The main critic, however, is when you look at it from your own present position in your backyard and think that this situation is and has to be the norm worldwide.

Take "gun control" in Germany for instance.

Until the 19th century, any control of weapons (guns) was unknown in the German countries.
This changed first during the Napoleonic wars - I've got a gun license issued by the Royaume de Westphalie (from some maternal ancestor).
Later (1851), the Prussian Criminal Code made it an offence to deal with and to carry firearms hidden in sticks or similar.

During the period of the German Empire, there were various laws/regulations where you weren't allowed to carry arms, the dealing with weapons was more regualted, criminal acts done with firearms were punished with more prison time ... ... ....
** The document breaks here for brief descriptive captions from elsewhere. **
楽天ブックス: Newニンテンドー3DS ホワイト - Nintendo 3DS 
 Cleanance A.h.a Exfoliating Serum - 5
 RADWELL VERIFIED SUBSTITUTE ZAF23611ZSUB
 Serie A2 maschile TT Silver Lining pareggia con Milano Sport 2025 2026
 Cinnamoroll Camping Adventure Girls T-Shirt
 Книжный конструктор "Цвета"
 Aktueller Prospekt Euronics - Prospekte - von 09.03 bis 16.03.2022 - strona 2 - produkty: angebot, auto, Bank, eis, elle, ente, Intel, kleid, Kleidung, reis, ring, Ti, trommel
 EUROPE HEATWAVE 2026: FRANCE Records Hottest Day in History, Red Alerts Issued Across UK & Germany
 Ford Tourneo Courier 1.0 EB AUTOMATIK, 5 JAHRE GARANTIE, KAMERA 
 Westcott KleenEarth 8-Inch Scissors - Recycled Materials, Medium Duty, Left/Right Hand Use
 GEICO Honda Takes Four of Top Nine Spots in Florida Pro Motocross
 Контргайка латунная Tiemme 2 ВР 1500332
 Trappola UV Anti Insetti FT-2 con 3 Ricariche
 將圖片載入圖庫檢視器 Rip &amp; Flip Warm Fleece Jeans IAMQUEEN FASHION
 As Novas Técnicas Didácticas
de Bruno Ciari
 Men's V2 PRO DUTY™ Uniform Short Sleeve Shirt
There were some attempts by conservative parties to get a more stricter law regulating the ownership of weapons, but this was stopped by the outbreak of WWI.

The first order, which could be called "gun control" was issued in December 1918, followed by the law in 1919: you had to register your weapons, weapons were only allowed to those, who got a license ... ...

From 1920 onwards, mainly due to the results of the Spa Conference, gun laws became even more stricter than before, culminating in the gun laws of 1928, 1929 and 1931.

This changed when the Nazis came in power: suddenly, many Germans didn't have to get a license for owning guns or to register them: all Germans should get weapons to be armed ("Wehrhaftmachung des Deutschen Volkes").
Thus, there were no regulations for rifles etc at all, only when buying (not owning!) 'hand weapons', you had to get an allowance (which got civil servants, party members, car drivers, employees/workers of the railway company more or less automatically).

With the 1938 Weapons Act even more deregulations were made - now nearly everybody could own any kind of weapon.
However, with by-laws, Jews were forbidden from the manufacturing or dealing of firearms and ammunition. and Jews in Austria and Sudetenland lossed the right to possess firearms or other weapons.

After 1945, the Allied Forces didn't allow any German to carry and own weapons at all. (This ban was lifted for the police force in 1949, for Germany in 1954 ... and for the American Sector of Berlin in 2000.)

... ... ...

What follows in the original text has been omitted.